I was told before I went there that it could make you sick. It didn't. Instead what I felt was numb. Like I'd had a shot of novocaine in my emotion center.

I had pictured it differently, more like the image of Stalag something-or-other in The Great Escape. You know, wooden barracks on stilts. These were actually three-story brick buildings that looked like they'd be perfectly comfortable dorms or barracks - if they hadn't been full of starving, brutalized people. I'm told the extermination camp nearby, now almost totally gone was more like that.

The gas chambers: square buildings divided into a smaller square in one quarter of the floor where the crematoria were, and an L-shaped room around it - the murder room.

I had imagined the crematoria as larger. These were like commercial ovens in size, with a slab big enough for one corpse. This was a shock to me when I realized that the sonderkommandos had to pull out and process each body one at a time. (I also didn't see any of the fake shower heads that I'd read about. A myth, or did they just not survive the years?)

There were exhibits from every country which had citizens who died there, each country was given a building to create their own. Some of the exhibits were devoted to countering holocaust denial: blankets with lab certificates confirming that they were made of human hair, canisters with certificates showing that they contained residues of Zyklon-B crystals, photos kept of experiments in starving humans to death.
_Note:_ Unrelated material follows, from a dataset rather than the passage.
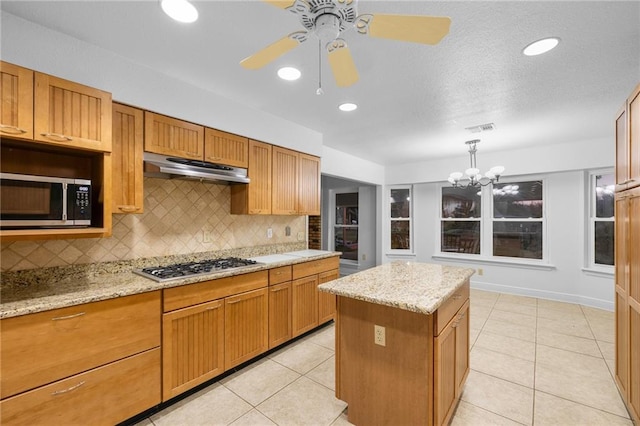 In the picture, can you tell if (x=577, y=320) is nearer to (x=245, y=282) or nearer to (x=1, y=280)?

Everyone who visits the camp probably has their own memory that time will never erase. Mine was from a wall of mug shots. Two of them near each other were of young girls, whose faces I will never forget till the day I die. One is a Polish-looking girl with long blonde hair, covered with a kerchief and dressed in peasant style. She looks into the camera, afraid but not really comprehending what is happening. The other is a girl of about the same age, 14-16 I'd guess, dressed in prison stripes with her hair shaved to a buzz cut. She's looking into the camera with a terrified expression, like she knows exactly what's going on.


* And I mean murder, the deliberate killing of helpless civilians or POWs, not direct or incidental casualties of war.

7 Comments:

  • At 2:12 PM, Blogger Mark said…

    I think it goes back to the political climate at the times when nazis and communists were ostensibly the Enemy. The nazis were the Bad Guys in WWII, when nationalism was high, and there were constant reminders of whom we were fighting and why. The Cold War, on the other hand, was waged in much more cynical environment, with abundant distrust of the government (and the continued popularity of socialism) leading to a perverse sort of sympathy for communism. That the nazis were bad guys was just about the last thing that there was widespread agreement of in America, except perhaps that racism is bad (which would have served only to further demonize the genocidal nazis and glorify the ostensibly egalitarian communists).

     
  • At 1:55 PM, Blogger JuhnDonn said…

    Reading Band of Brothers, the thing that has stuck with me is the comment by one of the young guys rolling in to Germany; It was just like the U.S. After months of country roads and villages, they were on paved roads again, staying buildings with modern plumbing and meeting people who seemed to have the same work ideals as the U.S. I think the horror of Nazism is that it could be us. It's one thing for these weird countries like Russia and China to be murderous; they're different, but for a place like the U.S. going down such a path, it's very scary.

    And they had great publicity before their fall. Sorta' like Mr. T in Rocky.

     
  • At 11:08 AM, Blogger History Snark said…

    I'm actually watching "The World At War" right now on dvd. If you've never seen it, I can't recommend it highly enough. They did one episode on the Holocaust. It was somewhat intense. The scene that struck me most was of a soldier (American I assume), nose covered with a rag, using a bulldozer to push bodies into a pit.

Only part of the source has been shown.